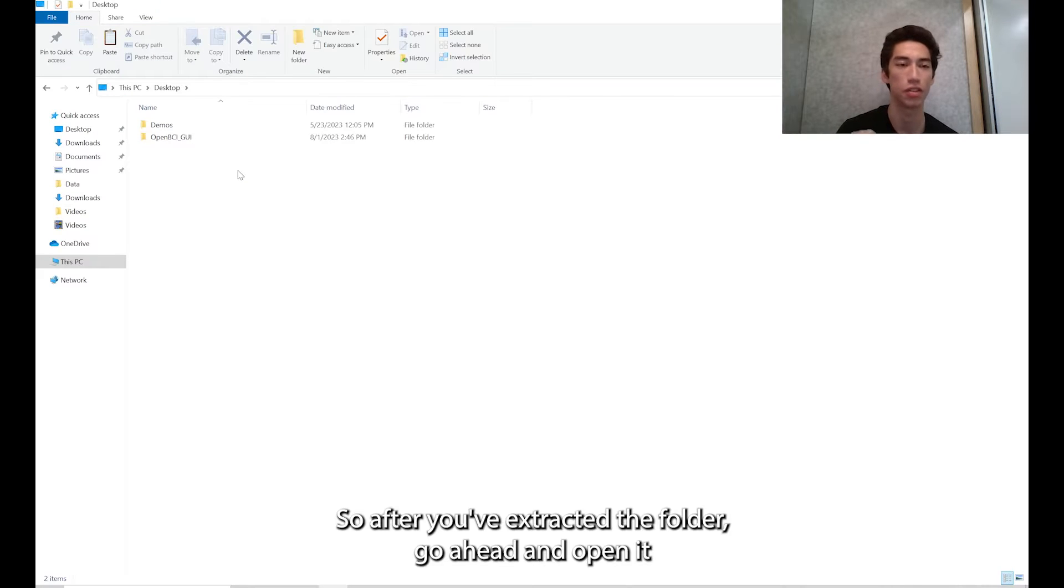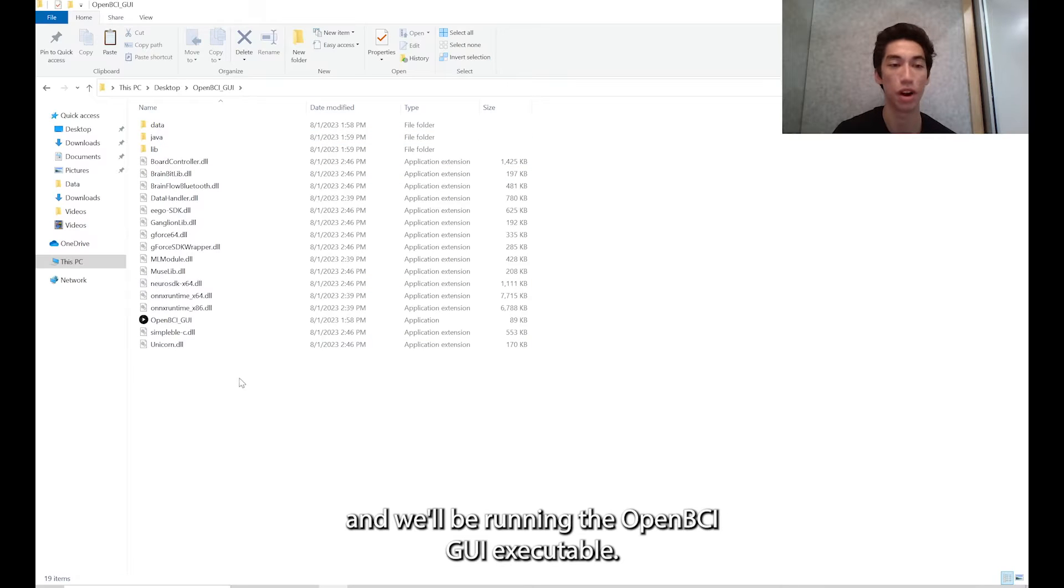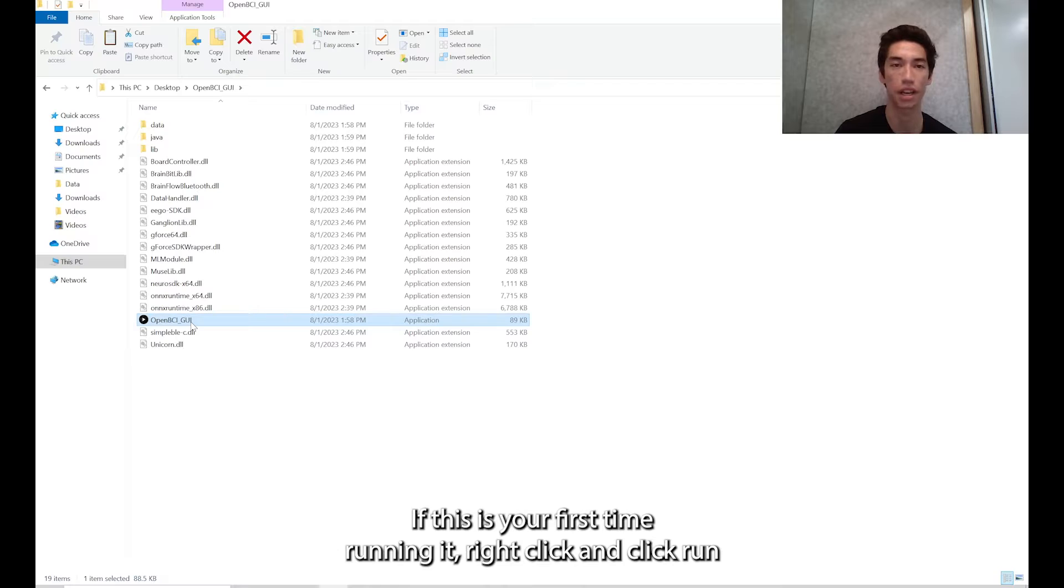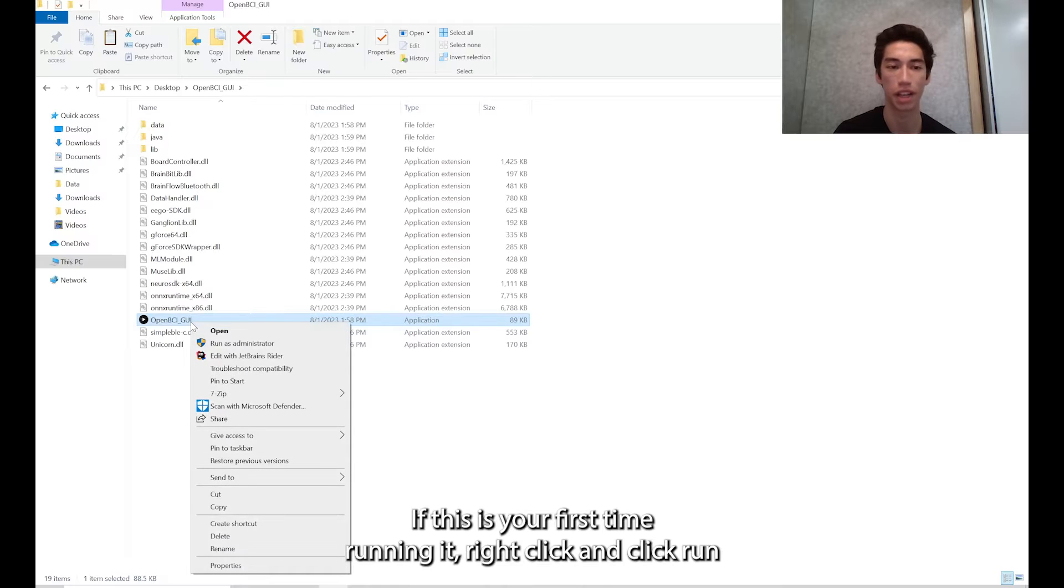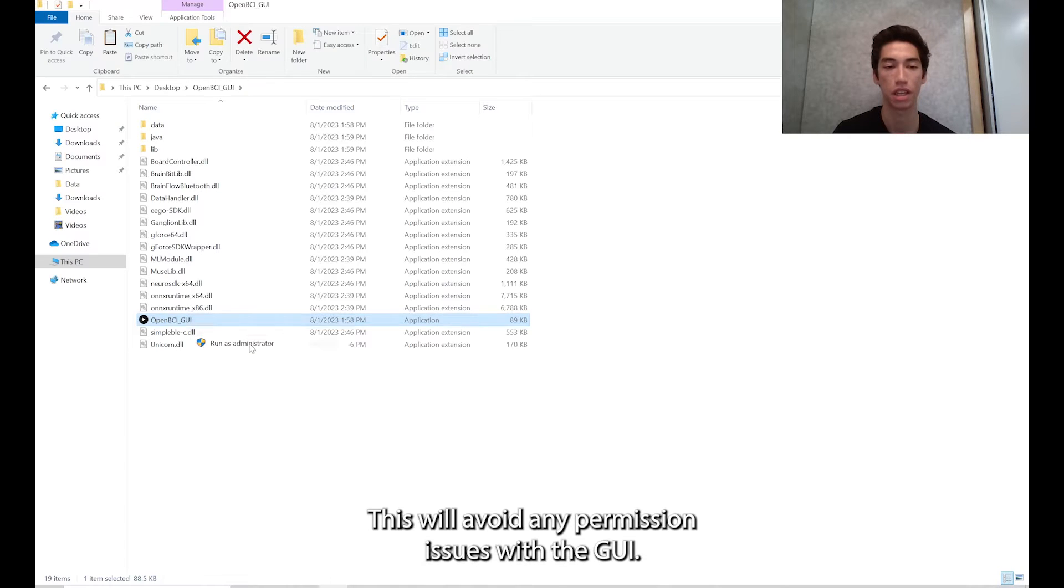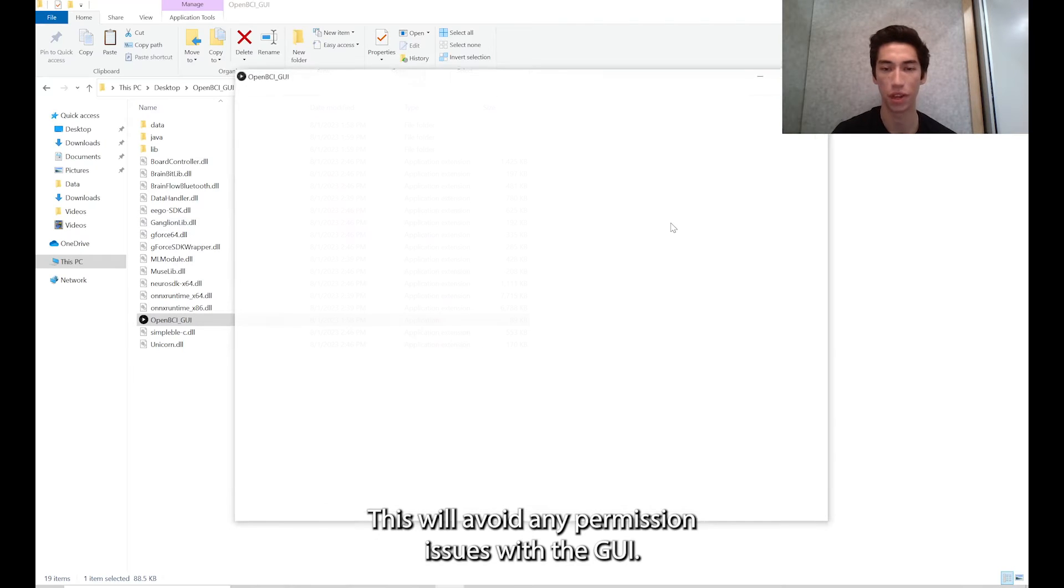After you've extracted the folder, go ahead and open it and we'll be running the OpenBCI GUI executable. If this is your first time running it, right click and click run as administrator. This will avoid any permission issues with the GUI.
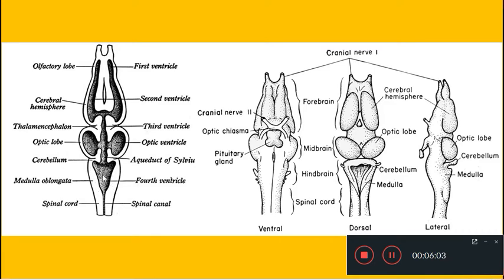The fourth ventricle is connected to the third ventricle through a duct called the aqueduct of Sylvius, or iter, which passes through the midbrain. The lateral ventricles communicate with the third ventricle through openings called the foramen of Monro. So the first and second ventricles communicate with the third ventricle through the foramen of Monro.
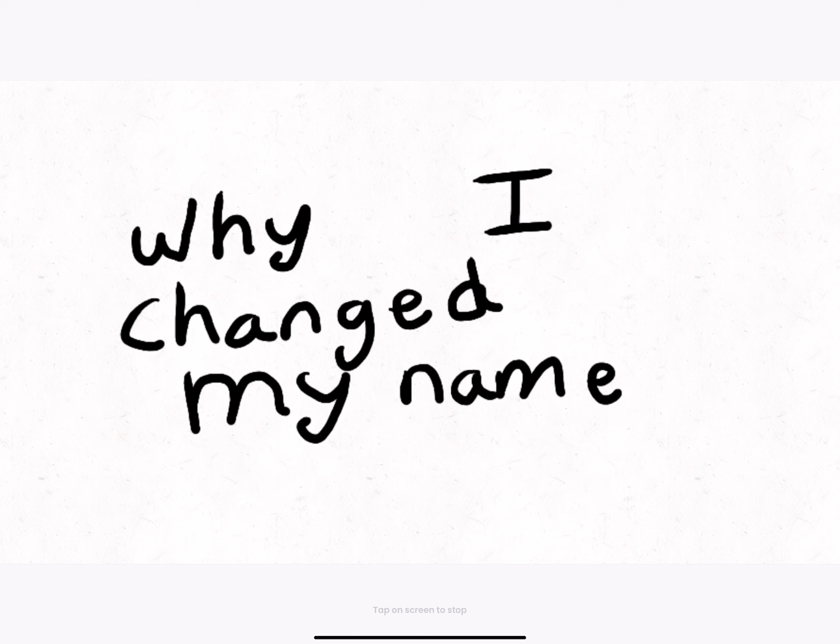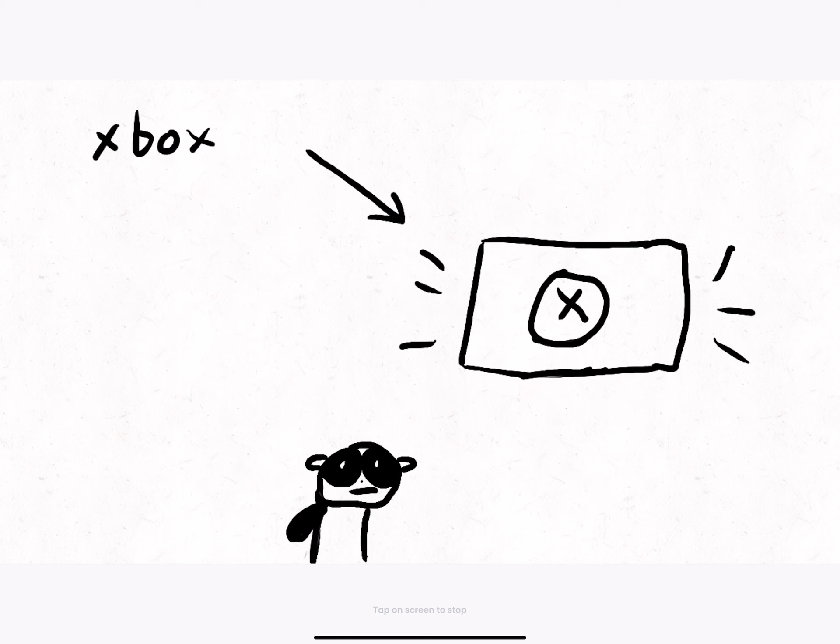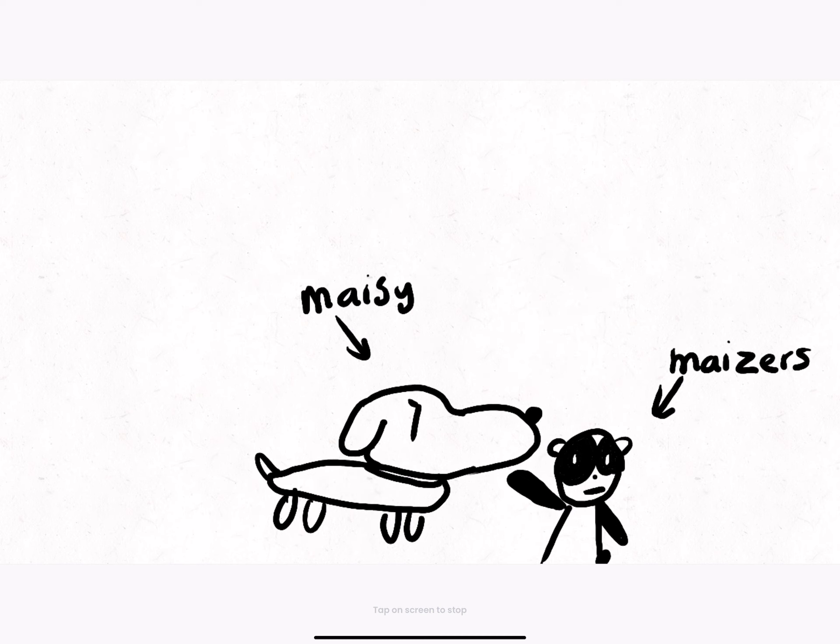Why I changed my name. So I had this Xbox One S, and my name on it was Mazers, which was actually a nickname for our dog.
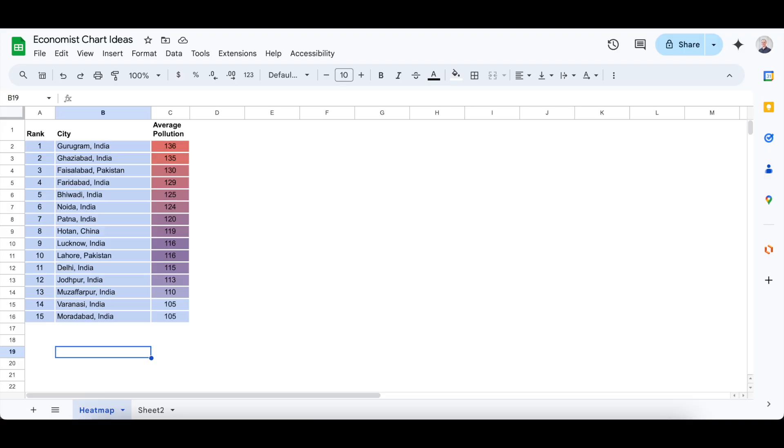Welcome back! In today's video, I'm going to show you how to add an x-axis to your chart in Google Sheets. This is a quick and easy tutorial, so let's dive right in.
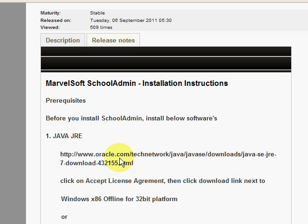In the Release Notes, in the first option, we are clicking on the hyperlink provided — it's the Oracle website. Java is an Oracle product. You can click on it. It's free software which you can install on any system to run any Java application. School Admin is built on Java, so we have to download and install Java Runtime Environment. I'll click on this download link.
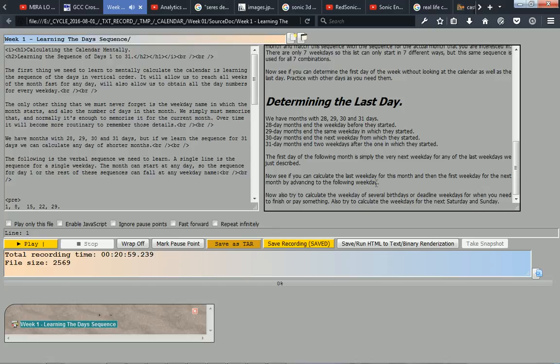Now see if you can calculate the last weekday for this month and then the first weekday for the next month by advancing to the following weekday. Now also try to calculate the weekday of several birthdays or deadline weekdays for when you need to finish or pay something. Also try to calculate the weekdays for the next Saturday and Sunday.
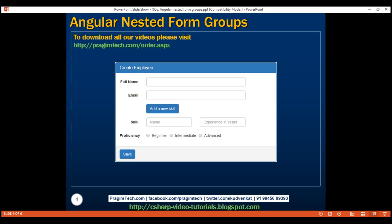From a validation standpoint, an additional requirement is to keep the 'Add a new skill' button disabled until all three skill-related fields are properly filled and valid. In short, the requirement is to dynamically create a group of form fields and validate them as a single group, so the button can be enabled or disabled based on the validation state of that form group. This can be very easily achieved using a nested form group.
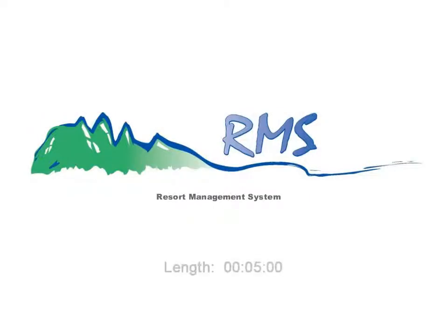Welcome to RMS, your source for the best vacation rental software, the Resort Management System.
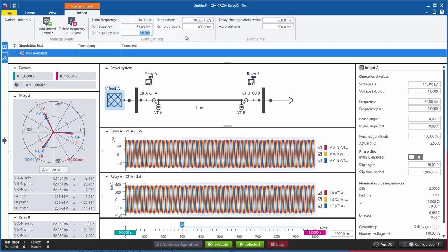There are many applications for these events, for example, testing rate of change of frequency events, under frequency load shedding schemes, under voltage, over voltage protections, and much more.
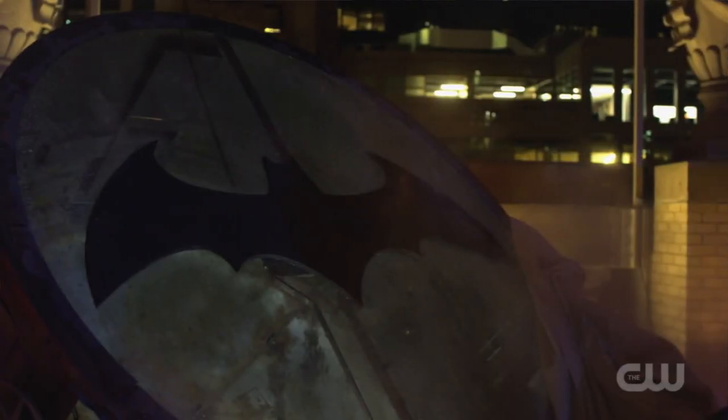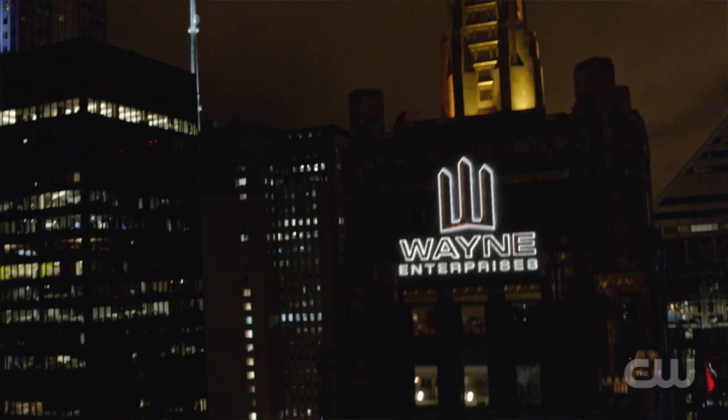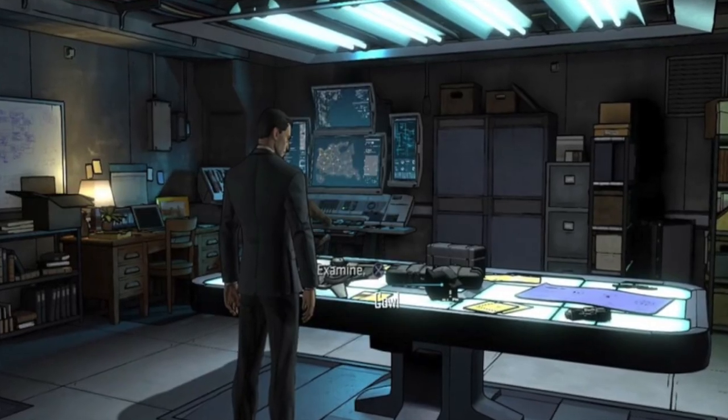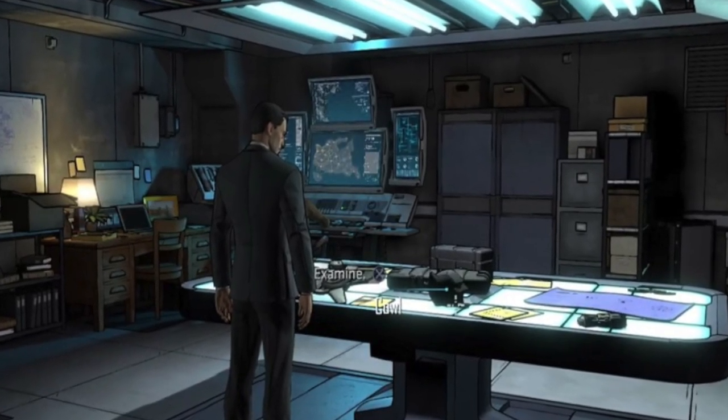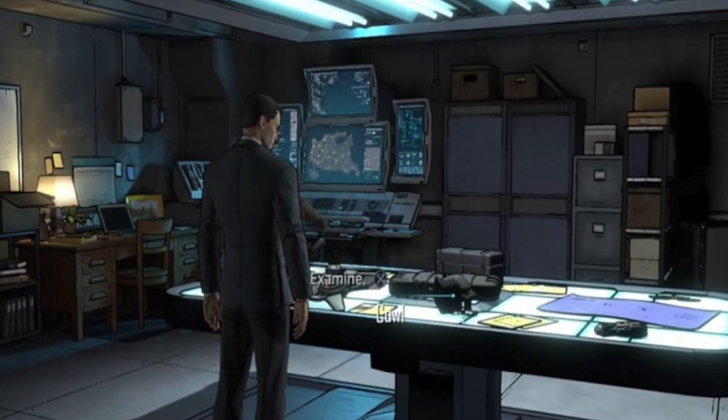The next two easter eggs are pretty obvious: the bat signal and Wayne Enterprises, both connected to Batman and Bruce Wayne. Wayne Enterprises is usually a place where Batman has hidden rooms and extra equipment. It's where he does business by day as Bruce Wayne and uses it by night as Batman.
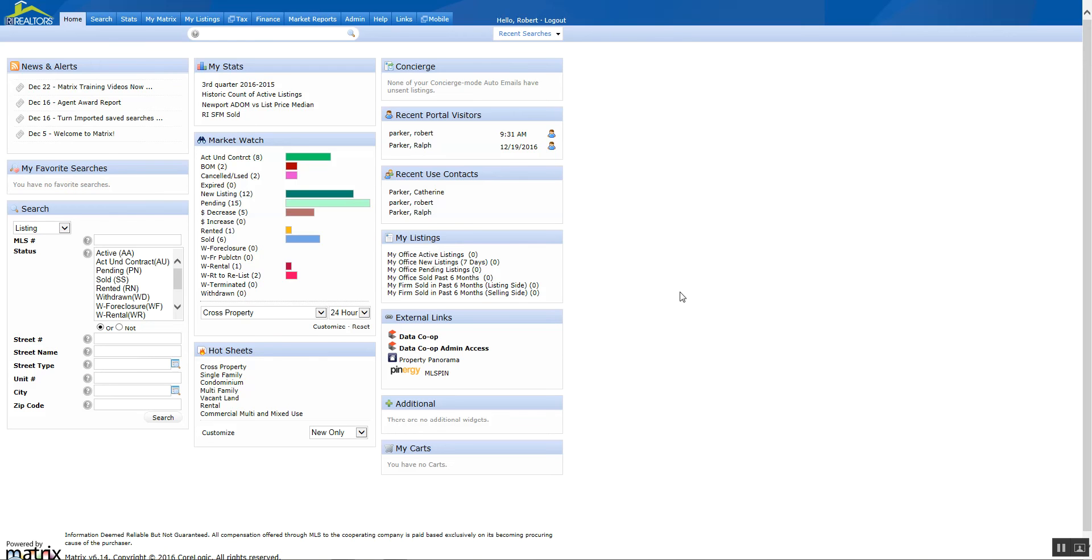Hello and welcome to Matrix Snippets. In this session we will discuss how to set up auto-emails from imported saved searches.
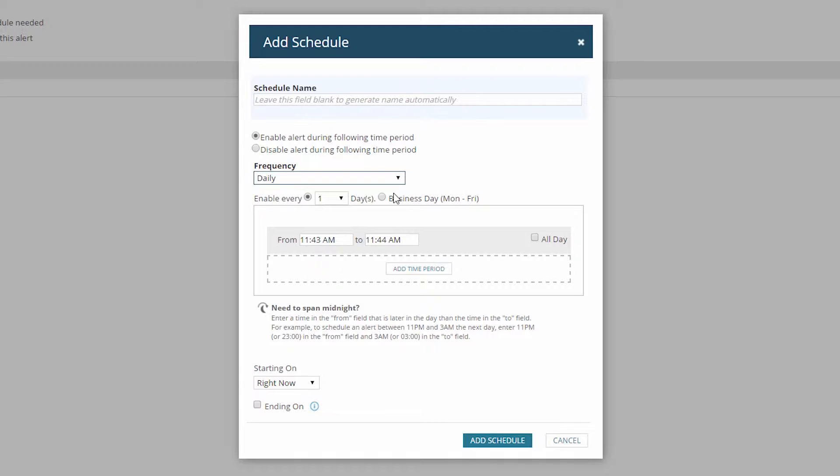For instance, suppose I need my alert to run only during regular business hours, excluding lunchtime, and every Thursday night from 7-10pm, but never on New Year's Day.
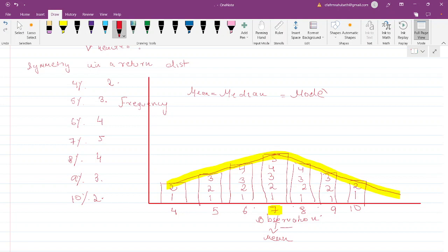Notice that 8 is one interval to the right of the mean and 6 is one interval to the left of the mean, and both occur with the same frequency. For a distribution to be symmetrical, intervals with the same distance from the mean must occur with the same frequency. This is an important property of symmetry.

Description of the task: Copy the whole of the material above exactly, and exclude every picture.

Result of the exercise:
After you've extracted the folder, go ahead and open it and we'll be running the OpenBCI GUI executable. If this is your first time running it, right click and click run as administrator. This will avoid any permission issues with the GUI.
The fourth ventricle is connected to the third ventricle through a duct called the aqueduct of Sylvius, or iter, which passes through the midbrain. The lateral ventricles communicate with the third ventricle through openings called the foramen of Monro. So the first and second ventricles communicate with the third ventricle through the foramen of Monro.
Why I changed my name. So I had this Xbox One S, and my name on it was Mazers, which was actually a nickname for our dog.
Welcome back! In today's video, I'm going to show you how to add an x-axis to your chart in Google Sheets. This is a quick and easy tutorial, so let's dive right in.
In the Release Notes, in the first option, we are clicking on the hyperlink provided — it's the Oracle website. Java is an Oracle product. You can click on it. It's free software which you can install on any system to run any Java application. School Admin is built on Java, so we have to download and install Java Runtime Environment. I'll click on this download link.
Now see if you can calculate the last weekday for this month and then the first weekday for the next month by advancing to the following weekday. Now also try to calculate the weekday of several birthdays or deadline weekdays for when you need to finish or pay something. Also try to calculate the weekdays for the next Saturday and Sunday.
From a validation standpoint, an additional requirement is to keep the 'Add a new skill' button disabled until all three skill-related fields are properly filled and valid. In short, the requirement is to dynamically create a group of form fields and validate them as a single group, so the button can be enabled or disabled based on the validation state of that form group. This can be very easily achieved using a nested form group.
Welcome to RMS, your source for the best vacation rental software, the Resort Management System.
There are many applications for these events, for example, testing rate of change of frequency events, under frequency load shedding schemes, under voltage, over voltage protections, and much more.
The next two easter eggs are pretty obvious: the bat signal and Wayne Enterprises, both connected to Batman and Bruce Wayne. Wayne Enterprises is usually a place where Batman has hidden rooms and extra equipment. It's where he does business by day as Bruce Wayne and uses it by night as Batman.
Hello and welcome to Matrix Snippets. In this session we will discuss how to set up auto-emails from imported saved searches.
For instance, suppose I need my alert to run only during regular business hours, excluding lunchtime, and every Thursday night from 7-10pm, but never on New Year's Day.
Notice that 8 is one interval to the right of the mean and 6 is one interval to the left of the mean, and both occur with the same frequency. For a distribution to be symmetrical, intervals with the same distance from the mean must occur with the same frequency. This is an important property of symmetry.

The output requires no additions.